Ważne jest także motywowanie pracowników do samodzielnej odpowiedzialności za rozwój oraz korzystania z dostępnych ofert. Firma powinna szkolić menadżerów w zakresie wspierania i wzmacniania dążeń do samodoskonalenia u członków swoich zespołów. Personalizacja podejścia, dedykowane rekomendacje szkoleń czy nawet indywidualne plany rozwoju są ważnym elementem strategii.
Joanna Szczepańska, HR Business Partner z Santander Consumer Banku, wskazuje, że w tym kontekście niezwykle istotna jest zmiana podejścia do rozwoju pracowników. W firmie powinno stworzyć się ekosystem uczenia się, w którym pracownicy mogą samodzielnie wybierać najbardziej odpowiednie dla nich narzędzia i zasoby. Platformy szkoleniowe oparte na sztucznej inteligencji, takie jak Dojo, są tu kluczowym narzędziem, rekomendując użytkownikom treści dostosowane do ich preferencji i potrzeb. Zaangażowanie pracowników w proces uczenia się można również monitorować i doskonalić na podstawie analityki platformy.
Firma powinna także umożliwić pracownikom samodzielne tworzenie indywidualnych planów rozwojowych, z wykorzystaniem narzędzi psychometrycznych wspierających samoświadomość w zakresie indywidualnych potrzeb, preferencji czy motywacji. Na podstawie tych planów i modelu kompetencji danego pracownika, firma rozbudowuje portfolio opcji, z których pracownik może skorzystać. W Santander Consumer Banku, oprócz platformy Dojo, oferowane są webinary eksperckie, budżet na szkolenia i konferencje zewnętrzne, możliwość korzystania z wewnętrznych programów szkoleniowych czy programu mentoringowego.

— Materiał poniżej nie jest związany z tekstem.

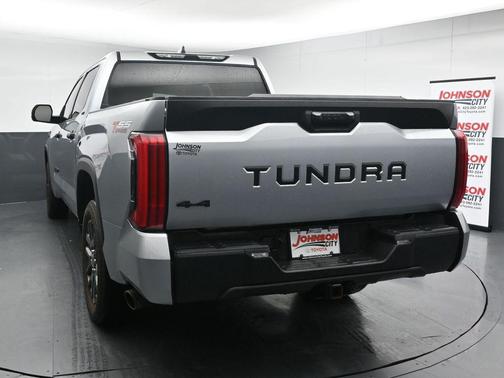 Celestial Silver Metallic 2023 Toyota Tundra SR5
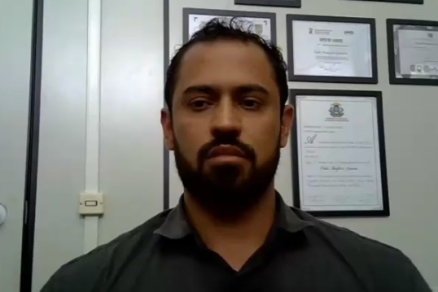 Welliton Gomes Dantas foi preso nesta quinta-feira por esquema de fraudes na empresa Bom Futuro 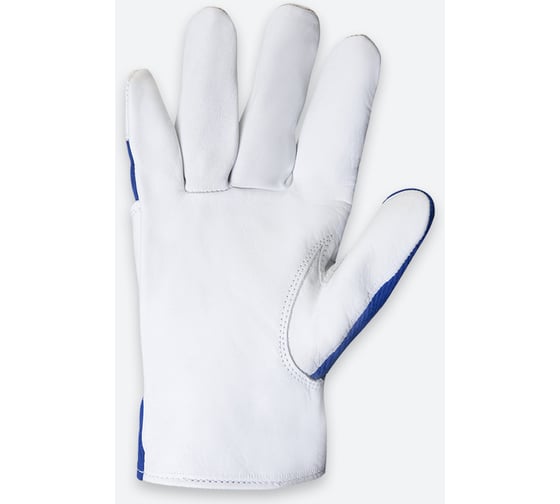 Кожаные перчатки монтажника Jeta Safety, размер XL/10, JLE321-10/XL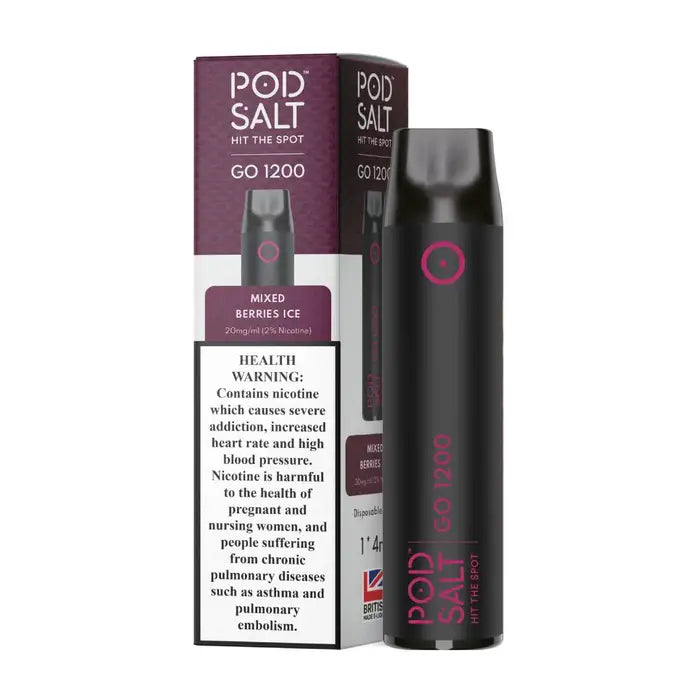 Pod Salt 1200 Puffs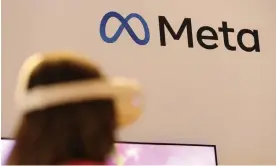  ?? ?? Meta increased spending on the metaverse. Photograph: Mike Blake/Reuters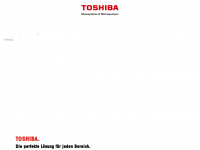 toshiba-klima-waerme.de Webseite Vorschau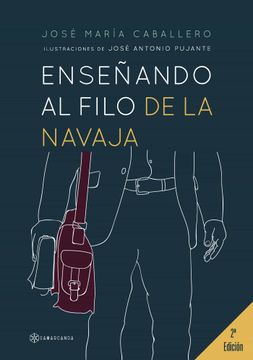 portada Enseñando al Filo de la Navaja (in Spanish)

Szczepańska zwraca uwagę na ważną kwestię zmieniającej się dynamiki na rynku pracy. „Według raportu ‘The Future of Jobs’ Światowego Forum Ekonomicznego, aż 44% obecnych umiejętności pracowników będzie nieaktualnych w ciągu następnych 5 lat. Technologia i zmiany klimatyczne spowodują powstanie wielu nowych stanowisk pracy, ale część z nich z pewnością zniknie. Dlatego tak ważne jest to, aby nie ignorować luki kompetencyjnej, ale na bieżąco na nią odpowiadać.” Dodała, że zarówno firmy, jak i sami pracownicy powinni być gotowi do nieustannego rozwoju, proaktywności i otwartości na nowe możliwości.